Calling genotypes from known haplotypes.
(Last updated for MCHap version 0.10.0)
The mchap call
tool uses a set of known haplotypes to call genotypes in one
or more samples.
mchap call
uses a Markov chain Monte-Carlo simulation (based on a
Gibbs-sampler algorithm) to propose genotypes composed of known micro-haplotypes.
This algorithm approximates the posterior genotype distribution of each individual
given its ploidy, inbreeding coefficient, and observed sequence alignments.
Unlike mchap assemble
which proposes genotypes from a prior distribution
containing all possible haplotypes, mchap call
proposes genotypes from
a prior distribution constrained to a set of known haplotypes.
The posterior mode genotype is then reported as the called genotype within the
output VCF file.
mchap call
is generally faster and more robust than mchap assemble
so
long as the real haplotypes are specified in the inputs.
The genotype calls of different samples are independent of one another with
the exception that they are constrained to the same set of known haplotypes.
Therefore, the independence of genotype calls among samples depends upon the
method used to identify the set of known haplotypes.
There two main situations in which mchap call
can be useful:
- When ancestral/population haplotypes are already known with high confidence.
- When we want to improve upon the genotypes called with
mchap assemble
.
The first situation is mostly self explanatory. It's possible that we have prior knowledge of which haplotypes are most likely to occur in our samples and we have enough confidence in that hypothesis that we believe it to be a more robust approach that de novo assembly from raw data (perhaps the new samples have low read depth).
The second situation is a little less intuitive.
How can re-calling genotypes using mchap call
produce better results than just
using the genotype calls from mchap assemble
?
There are three main reasons:
- Ensuring complete genotypes.
- Exploiting shared alleles.
- Improved MCMC mixing and priors.
Unlike mchap assemble
, which will sometimes produce genotype calls with unknown
alleles (refer to the documentation of that tool), mchap call
will always
produce complete genotypes.
This can be very useful in downstream analyses by avoiding filtering or imputing
genotypes for incomplete loci.
The ability to exploit shared alleles can dramatically improve genotype calls,
particularly amongst closely related genotypes.
In mchap assemble
, the genotypes of an individual is called using only the
haplotypes identified from the sequences associated with that individual.
If that sample has poor quality sequencing data then there is a relatively high
chance that the correct haplotypes may not be identified resulting in an
incomplete or erroneous genotype call.
In mchap call
, the genotype of a given sample is called against all of the
input haplotypes.
If the input haplotypes come from mchap assemble
, then this constrains the
parameter space (i.e., the prior distribution) to haplotypes observed within the
sample population.
Assuming that the haplotypes of each sample can be identified from that
sample or another sample in the population (e.g., due to being related),
then this will constrain the prior distribution to a small set of haplotypes
that are likely to include all the relevant haplotypes.
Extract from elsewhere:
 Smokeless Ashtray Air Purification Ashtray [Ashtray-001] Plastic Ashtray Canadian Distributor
The more closely related the individuals are, the smaller this set of haplotypes
will be.
This effectively uses the information shared among samples to improve genotype
calling.
Finally, there are several attributes of the Gibbs-sampler algorithm used
by mchap call
that can produce more robust results than mchap assemble
.
The first of these, as already outlined, is constraining the prior distribution.
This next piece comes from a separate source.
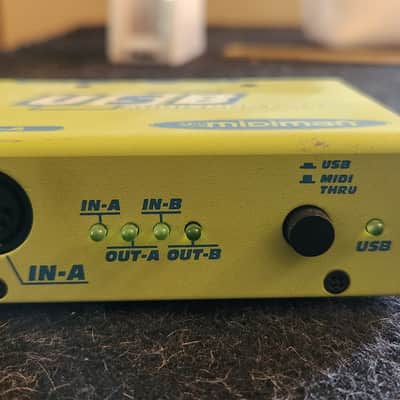 Midiman Midisport 2x2 USB MIDI Interface For Windows & Mac image 2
This can be further constrained by setting a prior for population allele
frequencies (described in the following sections).
The second advantage of the Gibbs-sampler is that it proposes new genotypes
by replacing entire haplotypes at each step.
This improves convergence of the MCMC resulting in a more robust approximation
of the posterior distribution.
The minimal set of inputs required to run mchap call
are:
- One or more BAM files containing aligned reads for each sample.
- A VCF file containing a 'reference set' of known micro-haplotypes.
The input VCF file is used to specify the known reference and alternate micro-haplotype
alleles.
The variants at any given locus within this file must have a fixed length, however the
length of variants may differ between loci.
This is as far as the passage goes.